La séparation des cultes et de l’État permet à toutes les religions de coexister, sans en privilégier aucune, et « ne doit pas être comprise comme visant à l’éviction hors de l’espace public de toute manifestation de conviction religieuse ». Un arrêt de la Cour de justice de l’Union européenne estime d’ailleurs que certaines formes d’atteinte à la manifestation de la religion en public peuvent constituer une persécution en raison de la religion. Et donc que la liberté de manifester sa religion doit être la règle, et ses limitations, l’exception.

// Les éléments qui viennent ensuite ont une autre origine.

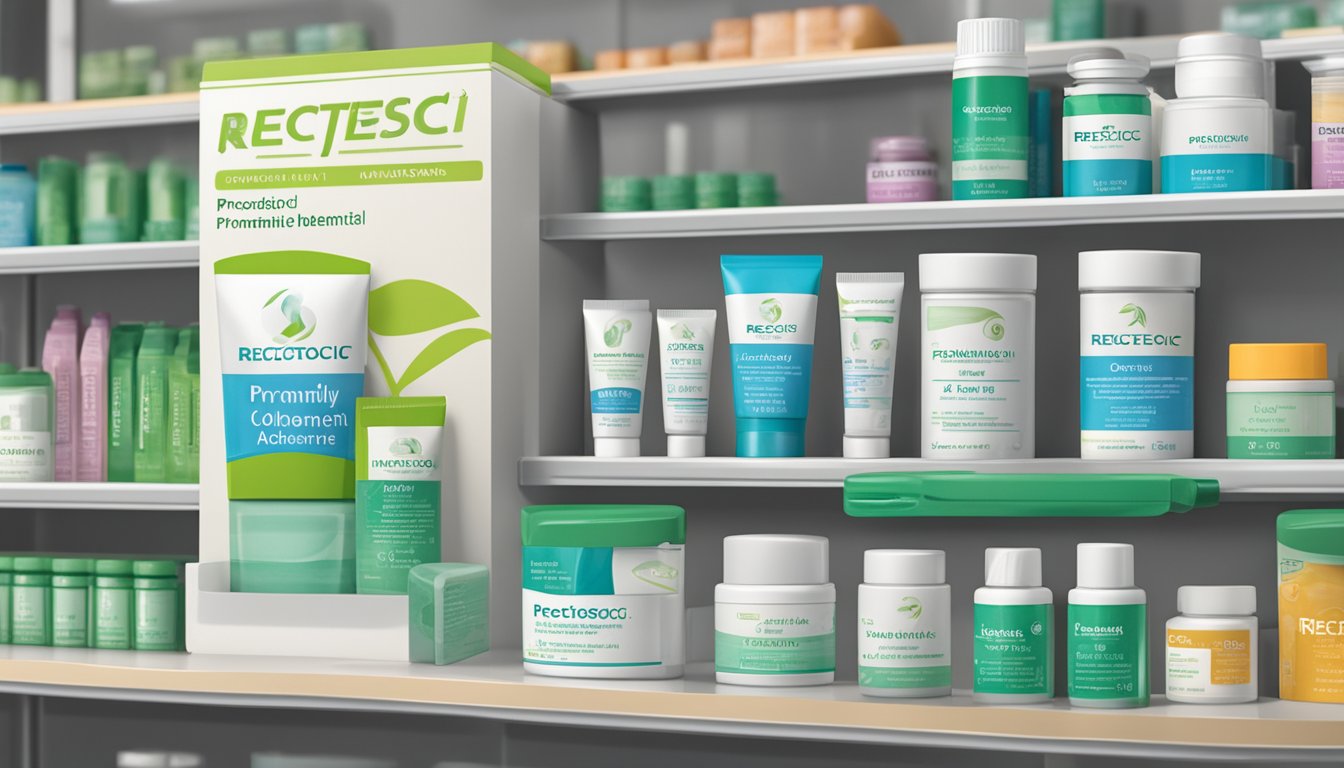 A tube of Rectogesic ointment sits on a pharmacy shelf, surrounded by other medications. The label prominently displays the product name and logo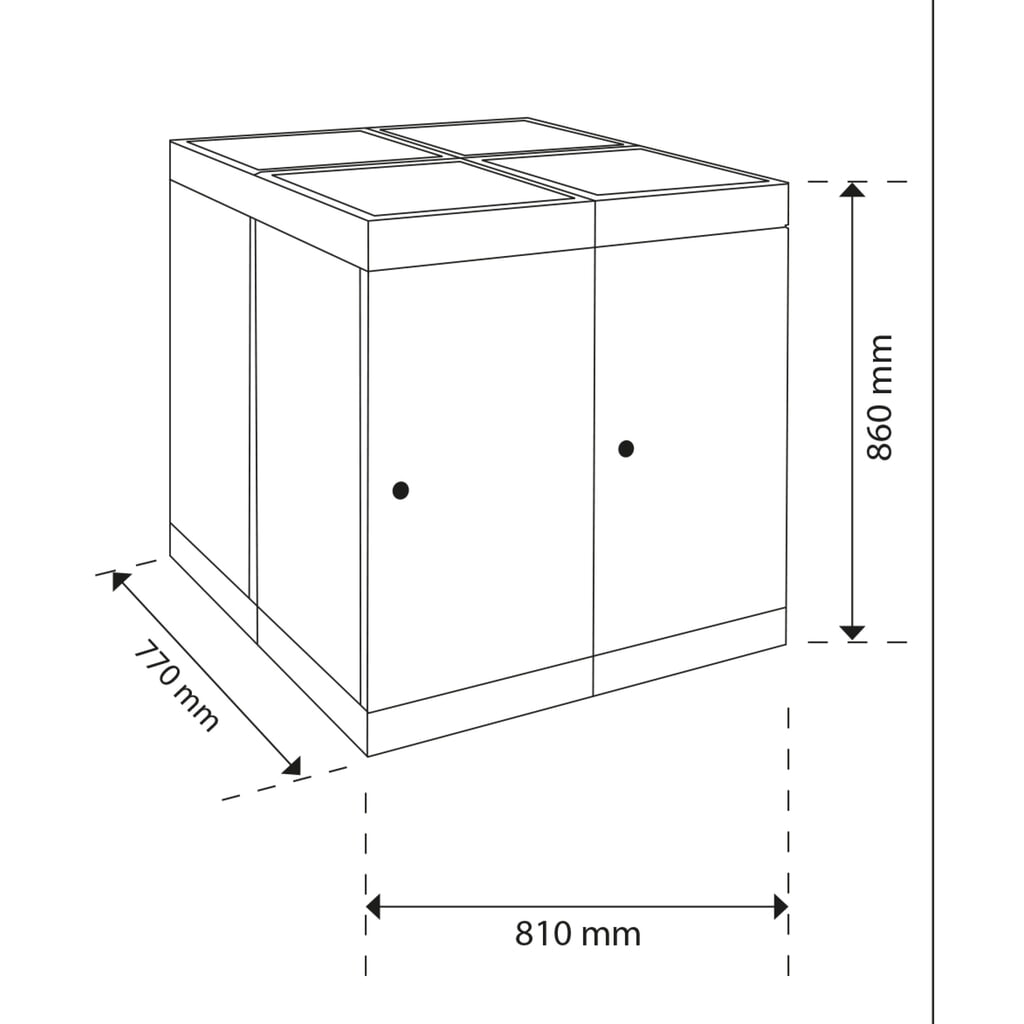 Productafbeelding nr. 3: Kringloopafvalbak stumpf®, 4x 70 liter, meerdere kleuren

Nous vivons dans une société multiculturelle où les individus, aux identités multiples, sont attachés à différentes communautés. Cette réalité du pluralisme culturel et religieux n’est en rien incompatible avec la laïcité ; celle-ci est même ce qui rend possible le pluralisme de valeurs, puisque la laïcité crée les conditions de la neutralité de l’État, sans pour autant neutraliser la société. Elle est une des valeurs fondatrices de notre République. Fidèle à la loi de 1905, la République assure la liberté de conscience, et donc la possibilité d’exprimer toutes les convictions, religieuses ou non, en privé ou en public, la seule réserve étant qu’elles ne mettent pas en cause l’ordre public et n’incitent pas au mépris ou à la haine. La loi garantit également le libre exercice des cultes en privé et en public. Ainsi, « La séparation des Églises et de l’État », selon l’intitulé de la loi, est assurée ; « l’Église chez elle » hors de l’État, mais entièrement libre, comme les autres acteurs et avec les mêmes contraintes au sein de la société civile.

Que peut-on faire ?

 Relire les textes pour communiquer sur l’esprit de la loi de 1905, afin de ne pas détourner la notion de laïcité en en faisant un outil d’exclusion
www.conseil-etat.fr

 Lutter contre les détournements, notamment ceux qui utilisent la laïcité pour stigmatiser la religion musulmane, et plus globalement contre l’islamophobie
www.islamophobie.net
www.crifrance.com

 Se renseigner sur les autres conceptions de la laïcité dans le monde.